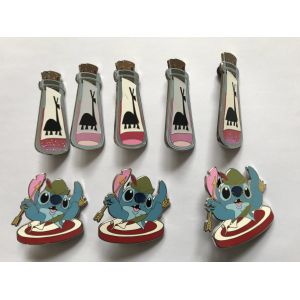 Cheap badge metal wholesale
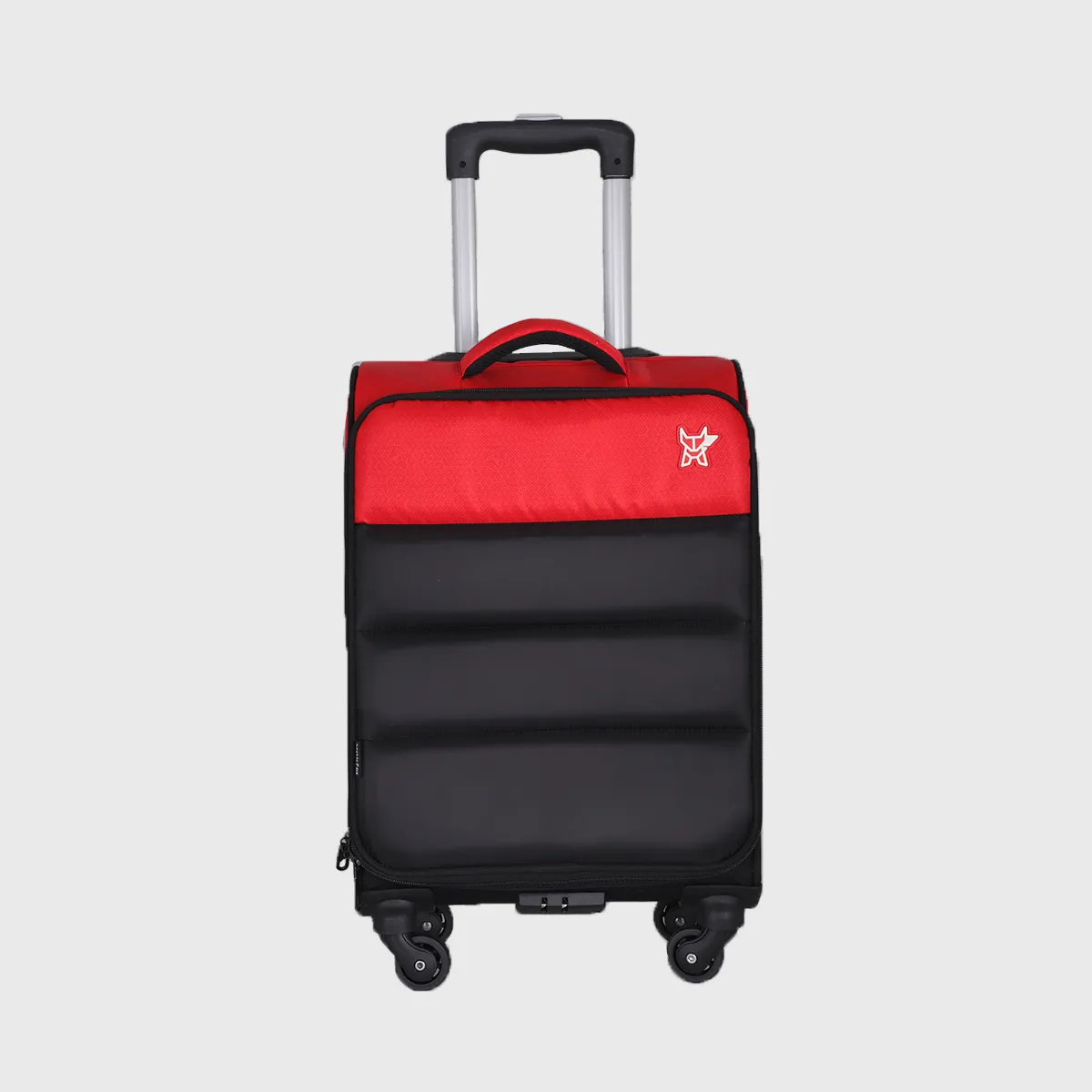 Arctic Fox BOOM Trolley Bag Fiery Red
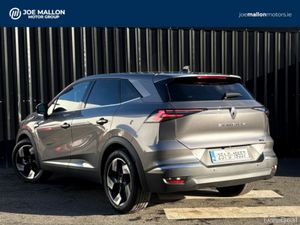 Renault Symbioz E-Tech full hybrid 145 Auto Techno - Image 2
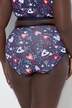 Culottes maxi en lot de 3, taille haute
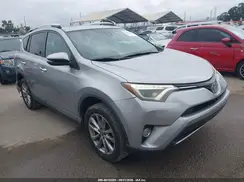 2T3DFREV1GW464610 2016 TOYOTA RAV 4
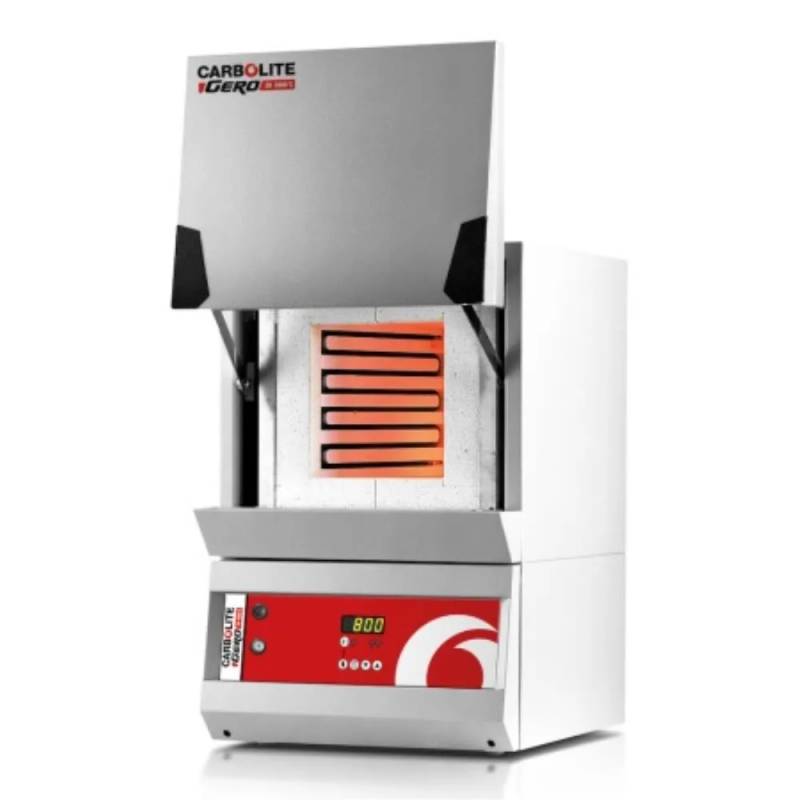 Four à chambre Carbolite CWF1223, 23 L, régulateur 3016
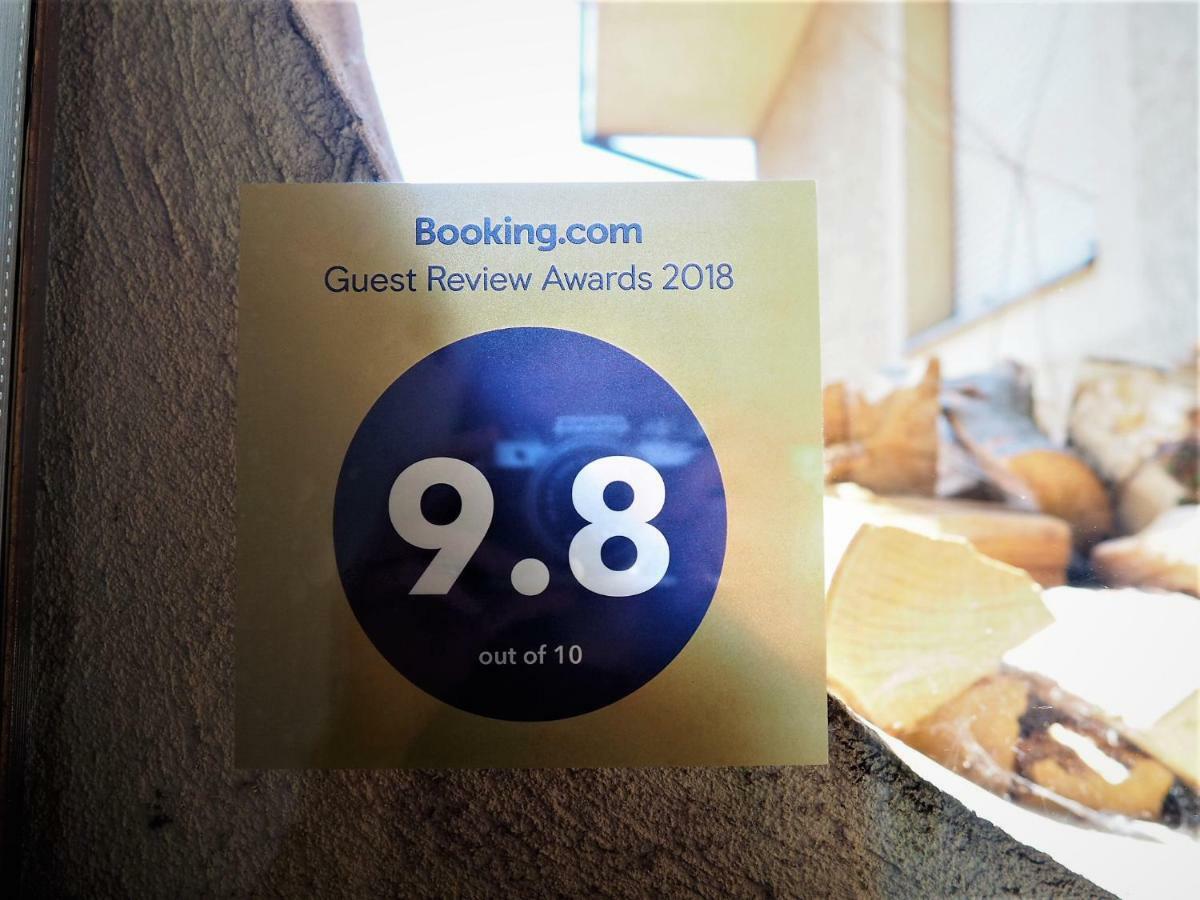 Guest House Stefanovic 브라네 외부 사진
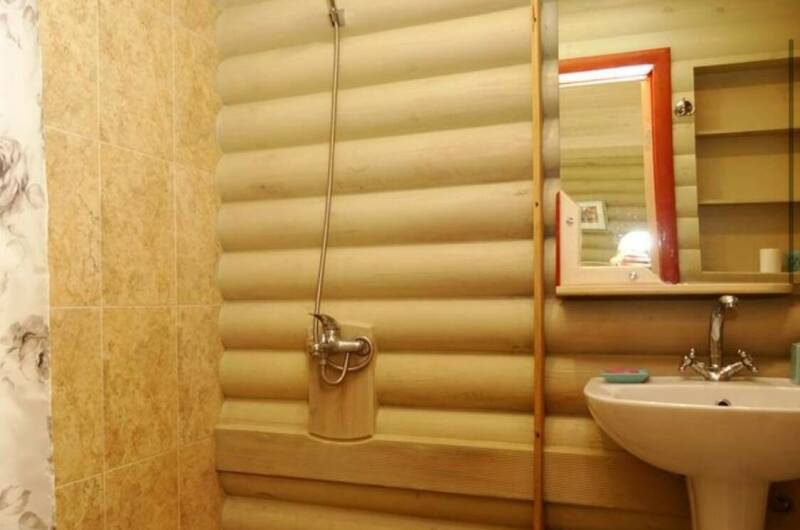 ЭкоУсадьба «Сказка»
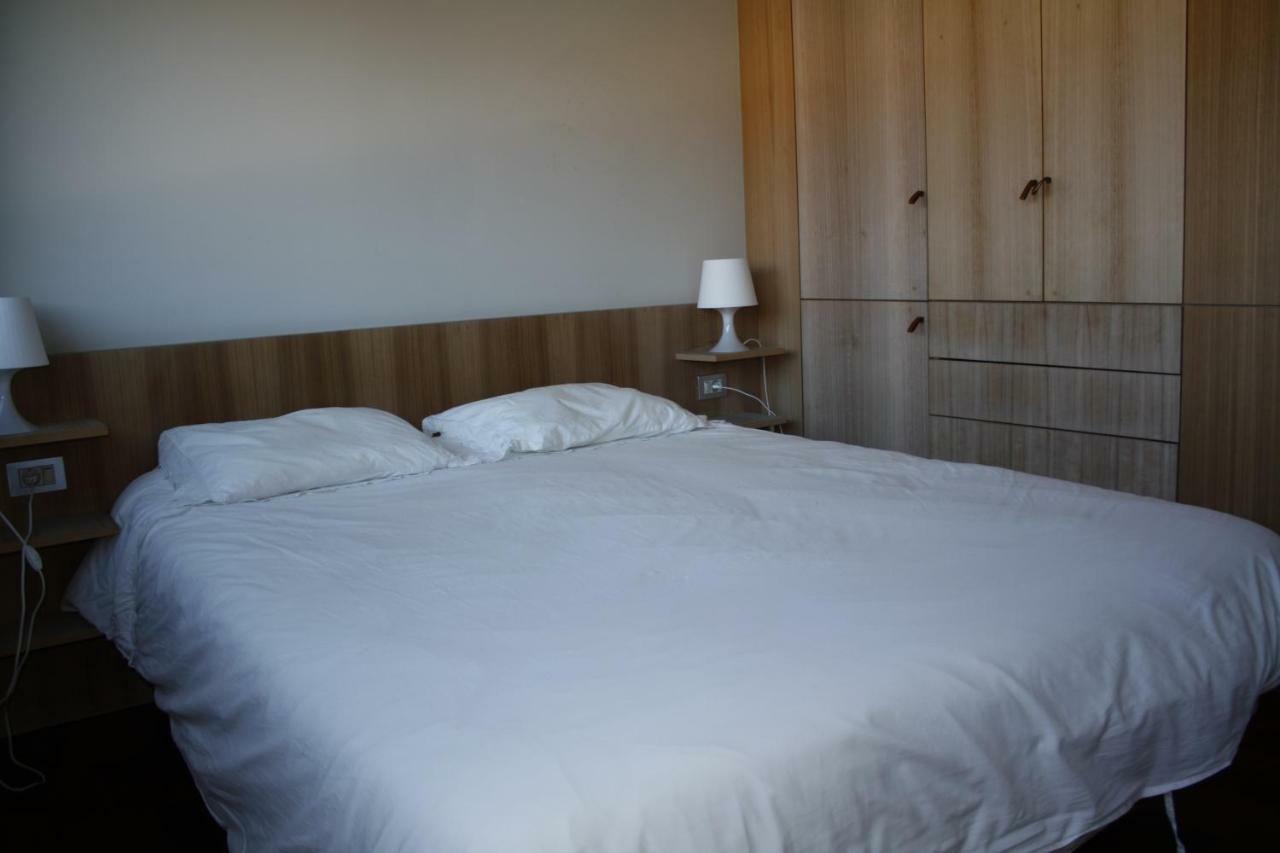 Apartamento De Mar Y Playa En Illa De Arousa Buitenkant foto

→ **What you have to do**: What is needed is an exact repetition of every line from the line with "Culottes maxi en lot de 3, taille haute" to the end of the data above, both ends included, with no pictures.

→ **Exercise output**:
 Culottes maxi en lot de 3, taille haute
 2T3DFREV1GW464610 2016 TOYOTA RAV 4
 Four à chambre Carbolite CWF1223, 23 L, régulateur 3016
 Guest House Stefanovic 브라네 외부 사진
 ЭкоУсадьба «Сказка»
 Apartamento De Mar Y Playa En Illa De Arousa Buitenkant foto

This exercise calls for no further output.